The Sweet Spot
On software development, engineering leadership, machine learning and all things shiny.

What's the fuss about formal specifications? (Part 2)

In which we debug a production bug (loosely based on a real bug at Lyft) and check its fix in the TLA+ model checker!

In Part 1 we discussed the use cases for formal specifications and we looked at a simple transaction isolation bug in a financial institution.

Introduction

This is a distributed system transaction orchestration problem.

In this exercise, imagine we are a bank, and we are serving an API request from our banking mobile app to initiate a bank transfer from an external financial institution to the user’s account.

We are building a API endpoint that asks the other financial institution to move money over to us.

The wrinkle here is that internally, the transfer also needs to be synchronized with a third, internal transaction database (our internal source of truth) to formally recognize the balance in the user’s account.

How do we design this system to ensure the design is resilient to failures and outages?

Requirements:

  • We must guarantee that balances are kept consistent between our system and the external institutions. No money should be lost/created on either side (obviously).
  • The external service may fail to process the transaction for any reason (downtime, network partition, system error)
  • The internal transaction service may also fail to process the transaction for any reason (antifraud rules, domain logic, ratelimiting, network partitions)
  • The API request is synchronous, and must respond within 200ms @ p99

The Happy Path

We illustrate the system design using the happy path. Our mobile client calls an API gateway, which we use as a transaction coordinator.
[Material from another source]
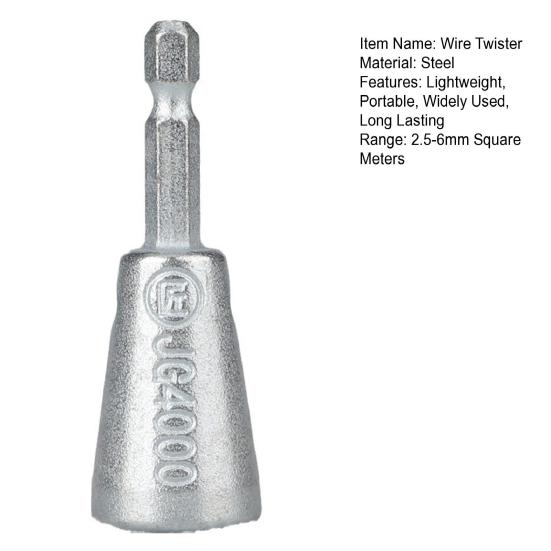 Инструмент для скручивания проводов, кабельный соединитель, высокая твердость, нержавеющий, универсальный, компактный, портативный кабельный скручиватель, инструмент для электрика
The API gateway makes 2 calls. First, it calls the external financial institution to initiate the transfer. If the transfer is successful, the API then turns around and pings the internal balance store service to note the transaction was a success.

(Note that this is not representative of a real world bank! This is a contrived, simplified example).

Because we need our API to be synchronous, the API coordinator blocks until both responses are success, before returning a success response to the client.

sequenceDiagram
autonumber
OurMobileClient->>+OurAPIGateway: SubmitTransfer
OurAPIGateway->>+ExternalFinancialInstitution: StartTransfer
ExternalFinancialInstitution->>-OurAPIGateway: SUCCESS
OurAPIGateway->>+OurInternalBalanceStore: UpdateUserBalance
OurInternalBalanceStore->>-OurAPIGateway: SUCCESS
OurAPIGateway->>-OurMobileClient: SUCCESS

Internal API error with compensating transaction

Of course, we know that errors can crop up in the real world. If the call to either service borks, we will need a way to either retry or fail gracefully. Here, we consider the use case where our internal API service crashes.

We consult with the team and decide that if the API service crashes for any reason, we will want to undo the transaction in the external financial institution with a compensating transaction. We will throw this work onto an external queue as soon as an error occurs.

sequenceDiagram
autonumber
OurMobileClient->>+OurAPIGateway: SubmitTransfer
OurAPIGateway->>+ExternalFinancialInstitution: StartTransfer
ExternalFinancialInstitution->>-OurAPIGateway: SUCCESS
OurAPIGateway->>+OurInternalBalanceStore: UpdateUserBalance
OurInternalBalanceStore->>-OurAPIGateway: FAILED
OurAPIGateway--)BackgroundWorker: Enqueue Reversal
Note over OurAPIGateway,BackgroundWorker: Compensating transaction kicks off after a failure
OurAPIGateway->>-OurMobileClient: FAILED
BackgroundWorker->>+ExternalFinancialInstitution: UndoStartTransfer
ExternalFinancialInstitution->>-BackgroundWorker: SUCCESS

But wait! We see that there’s a bug. For there’s a race condition when users “button mash” after they hit an error dialogue in the mobile client and immediately retry their request again!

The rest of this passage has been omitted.